1. ## Confusing riddle problem

Not sure where to start- this is more of a riddle our proff asked, but now i am bothered by it and want the answer.

I know two distinct secret numbers: call them X and Y , and assume that X < Y , without loss of generality. You have no clue how I came up with them. They could be anything (positive, negative, rational, irrational, etc). They could come from any probability distribution (discrete or continuous). You have no idea. I flip a fair coin. If the coin shows Heads, I reveal to you the larger number, Y ; if it shows Tails, I reveal to you the smaller number, X. You do not get to see the result of the coin flip.
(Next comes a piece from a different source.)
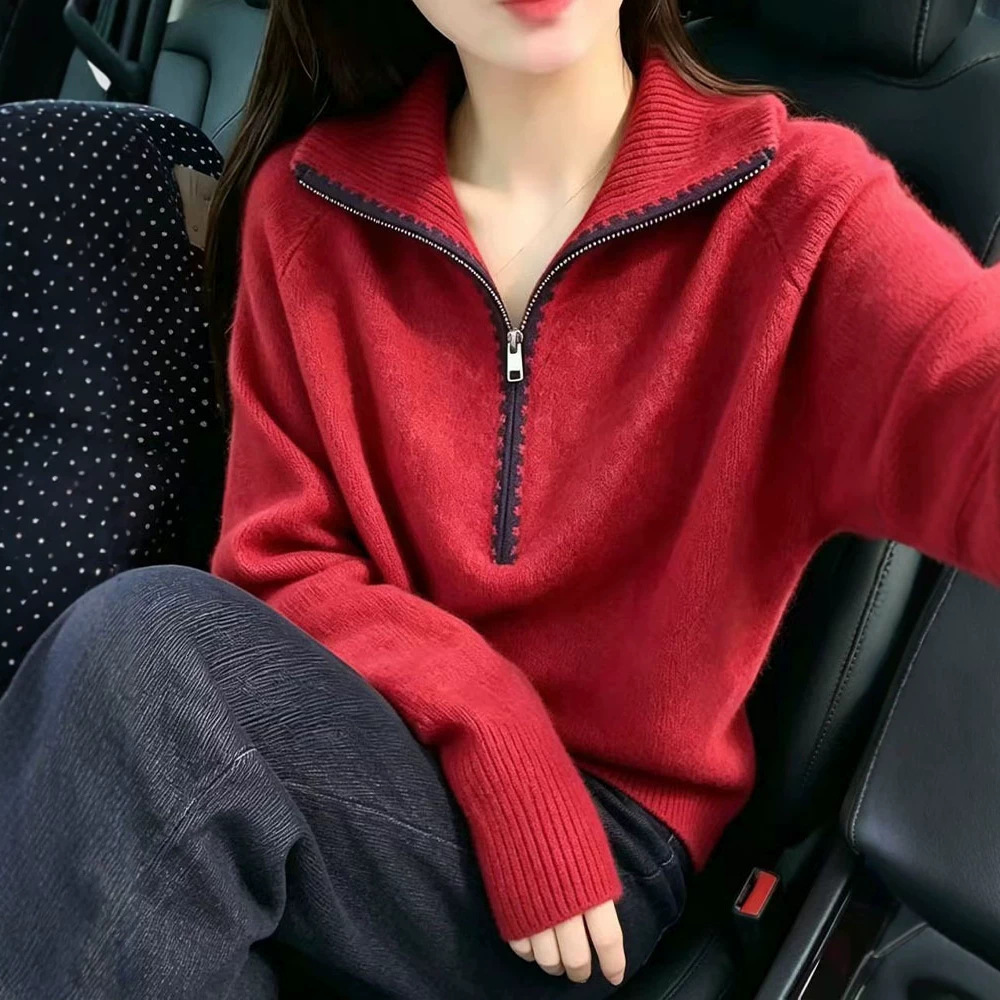 Casual knitted sweater with zipper and lapel collar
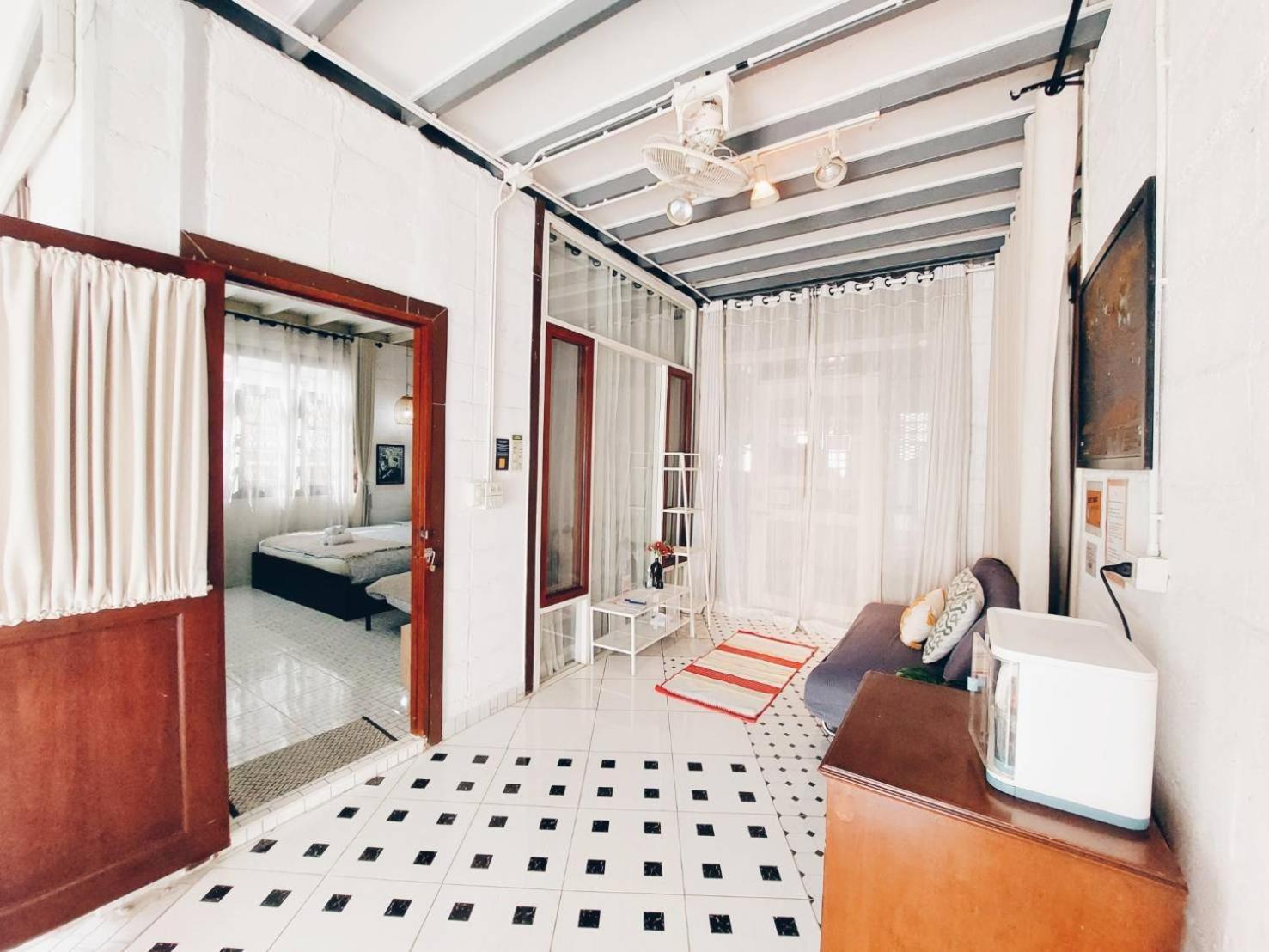 The Warehouse - Ayutthaya Apartman Kültér fotó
Your goal is to guess whether the coin was Heads or Tails, based only on your seeing the one number that I revealed to you. Obviously, if you just decide “Heads” is your guess, without taking into account the revealed number at all, then you are correct with probability 0.5. But your goal is to be able to be correct with probability strictly greater than 0.5. Devise a method to do this, and explain your solution.
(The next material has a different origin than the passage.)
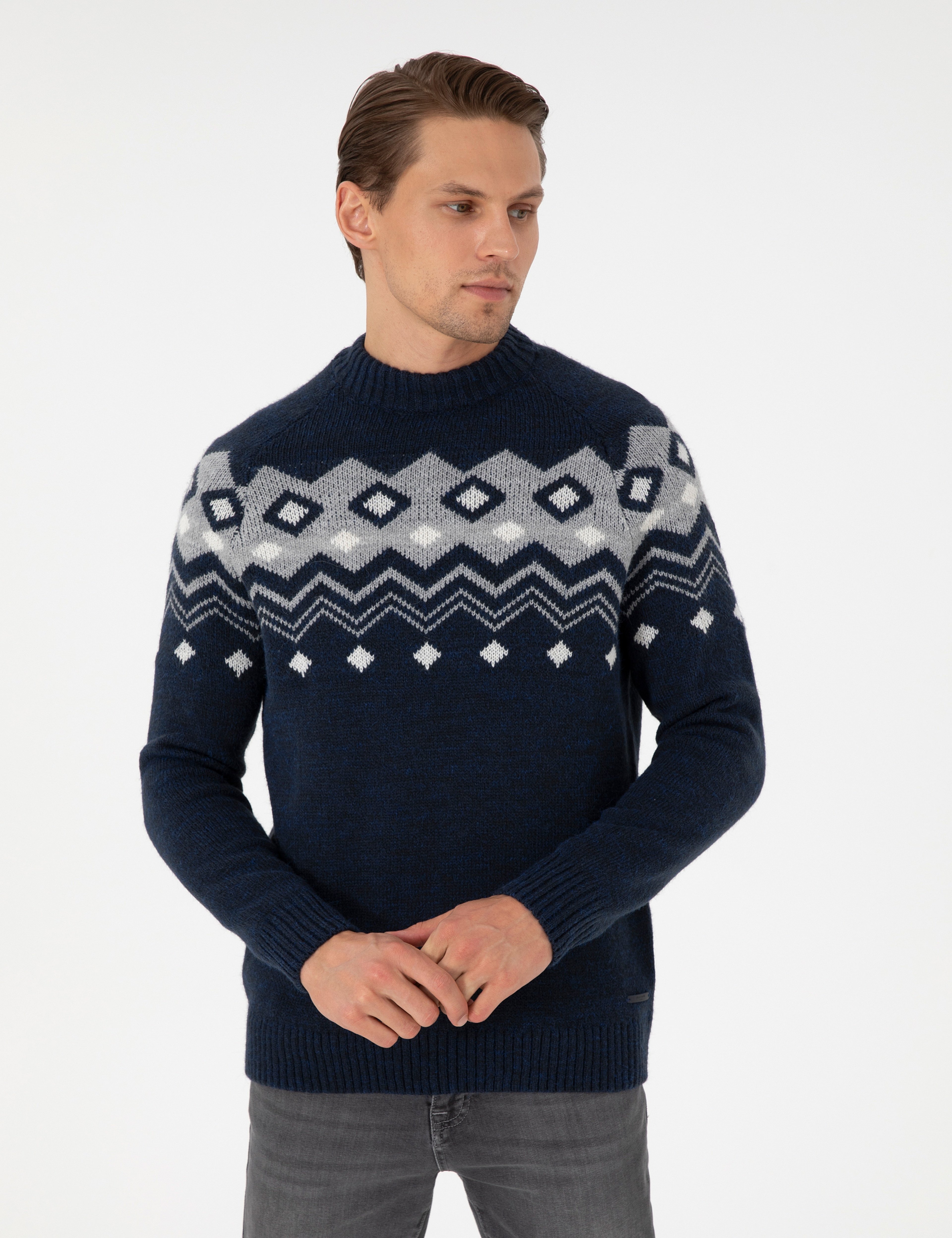 Lacivert Slim Fit Çeyrek Yaka Triko Kazak - Image 1
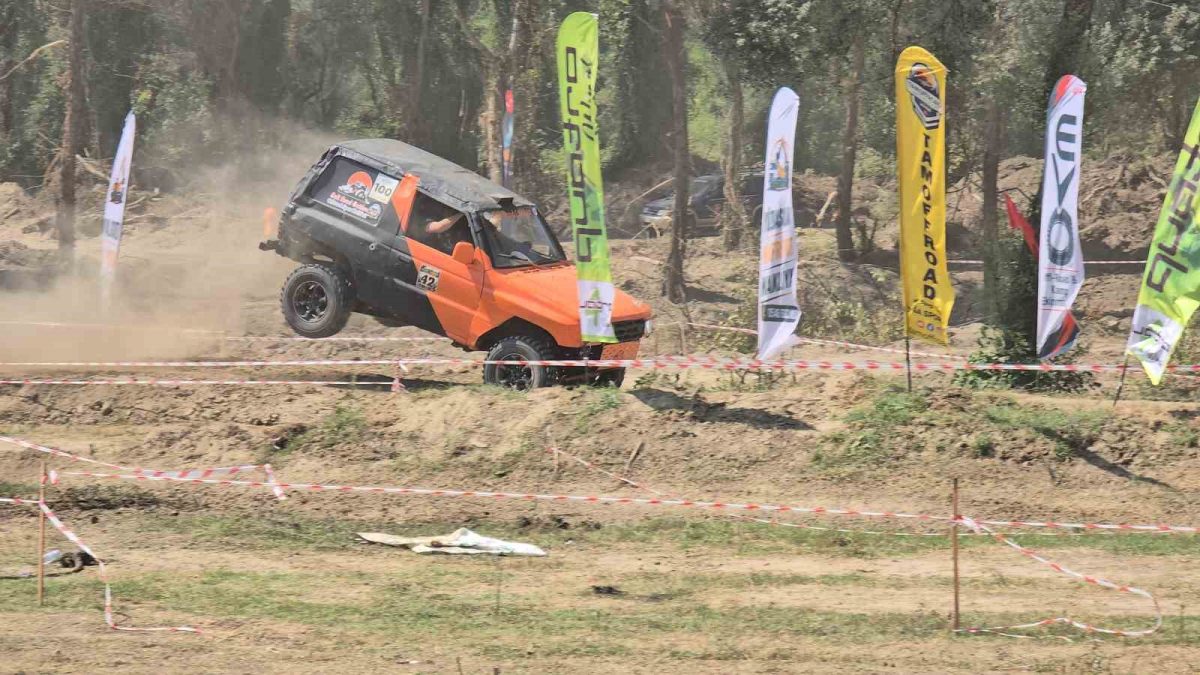 Ormanın kalbinde nefes kesen mücadele: 62 araç aynı parkurda - Foto 8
2. I think this works, but put a big disclaimer on it:

The number is revealed; call it Q. Calculate $P = \frac{Q}{Q + 1}$. Now, flip your own coin, with weighted probability P of heads. If heads is revealed, then you guess that Q is the larger of the two numbers (i.e. call "heads"). It should work out that your probability of guessing right is:

$\frac{1}{2} + \frac{1}{2} \left ( \frac{Y}{Y + 1} - \frac{X}{X+1} \right )$, but since the term associated with Y is strictly larger than the one associated with X (because Y is bigger), you will win with a probability greater than 1/2.
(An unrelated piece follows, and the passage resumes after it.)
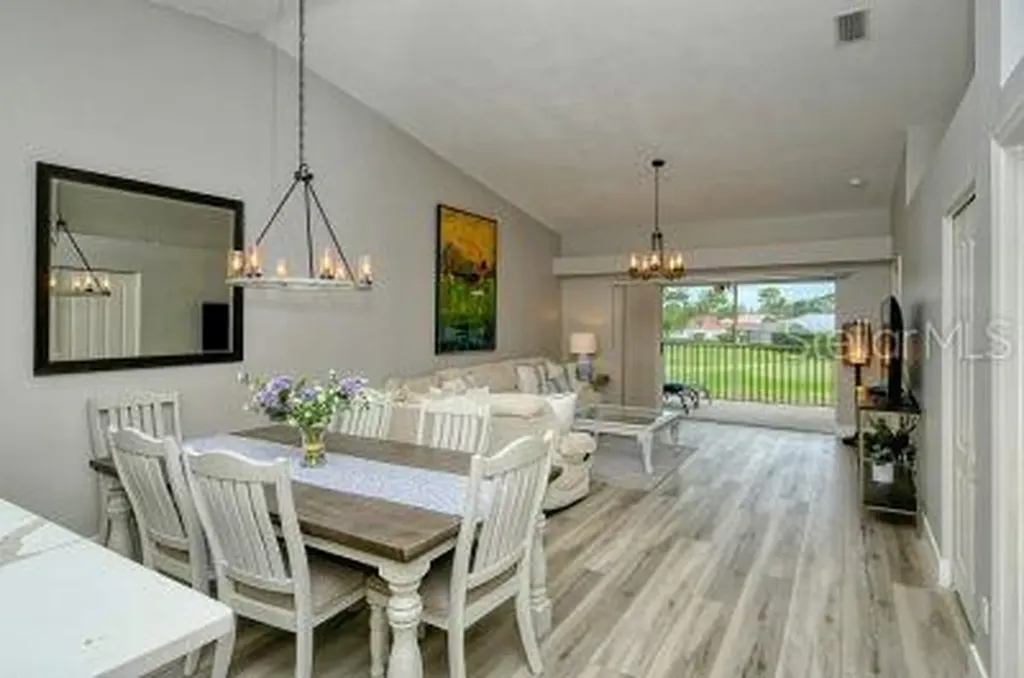 9560 High Gate Drive Sarasota FL 34238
EDIT: LOL, this doesn't work for negative numbers, but maybe you can tweak it using a similar method. I think the main step to take in solving this is to have a switching probability based on the number revealed, and devise a way for it to make you switch away from the smaller one more frequently than the larger one.

3. Okay, updating my last post with a solution that works for numbers on the whole real line.

The number is revealed, call it Q. Then, let

$P(Q) = \frac{arctan(Q)}{\pi} + \frac{1}{2}$

and call "heads" with probability P(Q) - you can verify for the whole real line that P(Q) is a valid probability, and I'll leave it to you to figure out where I pulled P(Q) from, and it should also give you plenty different examples of functions that will work [Hint: all we need is a function that maps R into (0, 1) that is strictly increasing...and such functions are particularly common in probability theory]. Your probability of winning the game will now be

$\frac{1}{2} + \frac{1}{2}[P(Y) - P(X)]$

which is strictly greater than .5 because if Y > X, then arctan(Y) > arctan(X).

4. Here is another way to explain the exact same solution.

In full generality, what we need to find is a function $p:\mathbb{R}\to[0,1]$ that will describe our way to answer: if we are given the number $\alpha\in\mathbb{R}$, then we answer "It is Y (the larger one)" with probability $p(\alpha)$ and "It is X (the smaller one)" with probability $1-p(\alpha)$. Note that this covers in particular the case of a deterministic answer ( $p(\alpha)\in\{0,1\}$), even if this is not a good choice.

Suppose we are given the number $Q$, and that our answer (based on the above strategy) is $Z$, which is either 1 if we say that $Q$ is Y, or 0 is we say it is X. Then the probability that our guess was correct is:

$P(Q=Y\mbox{ and }Z=1)+P(Q=X\mbox{ and }Z=0)=\frac{1}{2}p(Y)+\frac{1}{2}(1-p(X))$ $=\frac{1}{2}+\frac{1}{2}(p(Y)-p(X))$.

As we can see, this is larger than $\frac{1}{2}$ if and only if $p(Y)>p(X)$. However, we don't know what $X$ and $Y$ are when we choose the function $p(\cdot)$. Therefore we have to choose a function such that $p(y)>p(x)$ for all real numbers $y>x$. In other words, $p$ must be strictly increasing from $\mathbb{R}$ to $[0,1]$. A possible choice of the function $p(\cdot)$ was given by TheOdds in his last post.